[Opening DATA PROVIDED section]

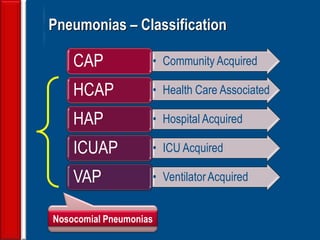 79
Pneumonias – Classification
• Community AcquiredCAP
• Health Care AssociatedHCAP
• Hospital AcquiredHAP
• ICU AcquiredICUAP
• VentilatorAcquiredVAP
Nosocomial Pneumonias
 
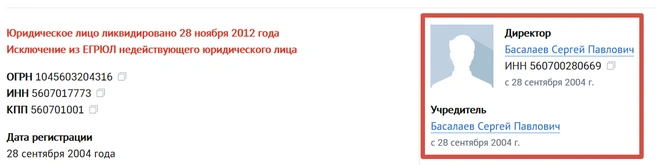Источник: Checko.ru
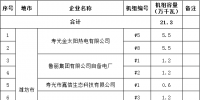 山东省2017年电力行业淘汰落后产能企业名单(第三批):淘汰21.3万千瓦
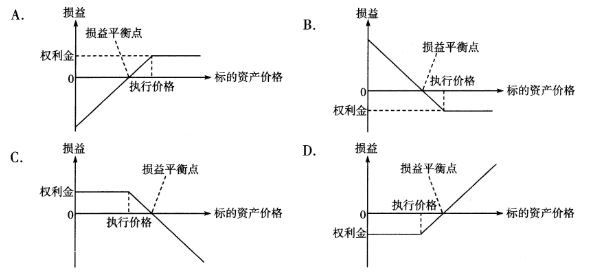 假如巴菲特要买比特币,他会怎么买?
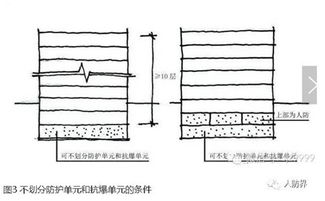 人防工程设计基础知识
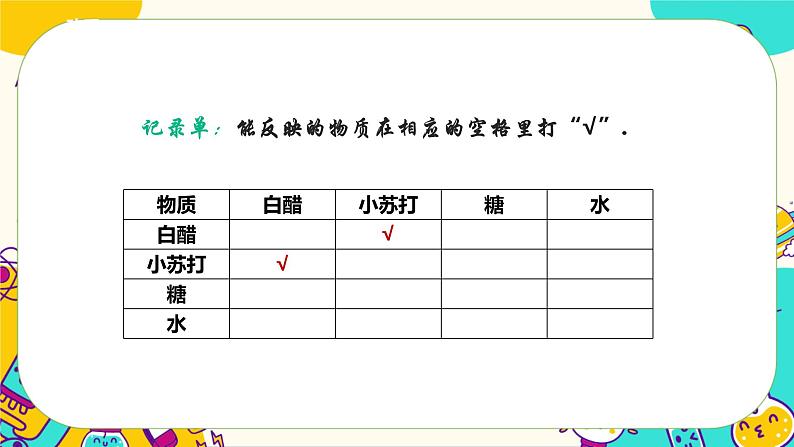 1.3《制作汽水》课件+教案+素材06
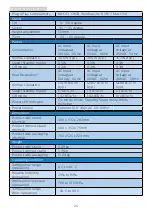 Предварительный просмотр 22 страницы Philips Momentum 276M1 User Manual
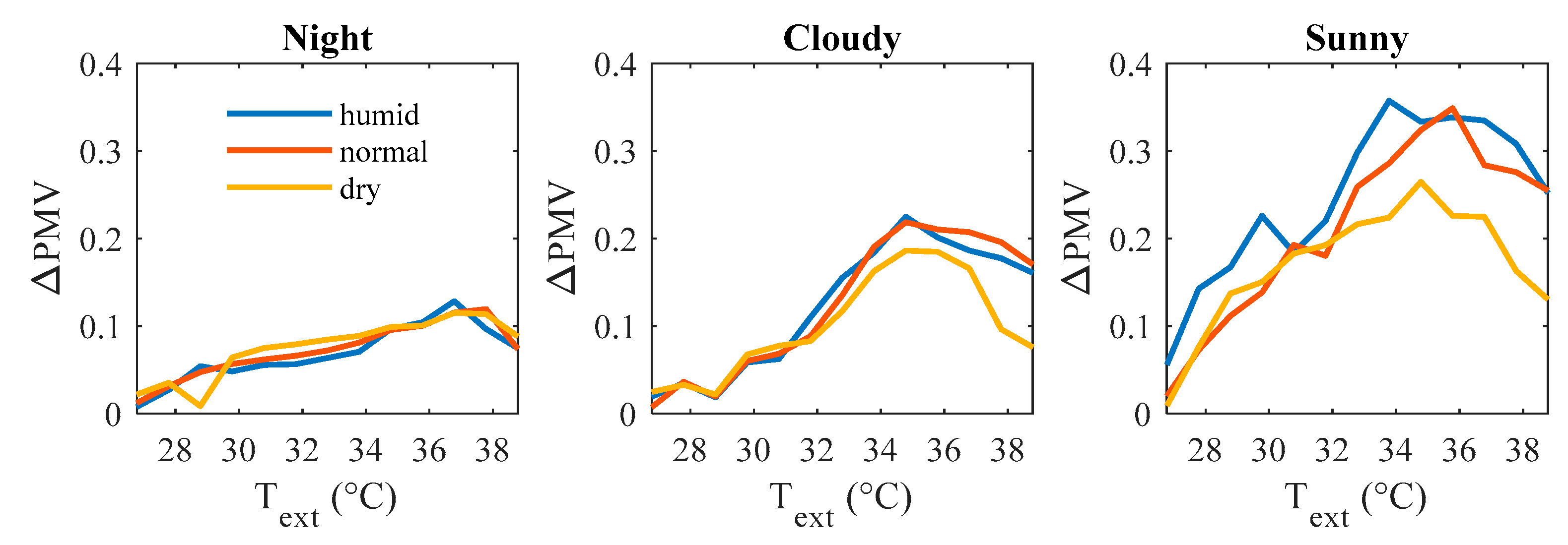 Energies 13 04006 g018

[Closing DATA PROVIDED section]

**HOW TO COMPLETE THIS TASK**
Without the images, output all the entries exactly as they stand.

**WRITTEN ANSWER**
 79
Pneumonias – Classification
• Community AcquiredCAP
• Health Care AssociatedHCAP
• Hospital AcquiredHAP
• ICU AcquiredICUAP
• VentilatorAcquiredVAP
Nosocomial Pneumonias
 
Источник: Checko.ru
 山东省2017年电力行业淘汰落后产能企业名单(第三批):淘汰21.3万千瓦
 假如巴菲特要买比特币,他会怎么买?
 人防工程设计基础知识
 1.3《制作汽水》课件+教案+素材06
 Предварительный просмотр 22 страницы Philips Momentum 276M1 User Manual
 Energies 13 04006 g018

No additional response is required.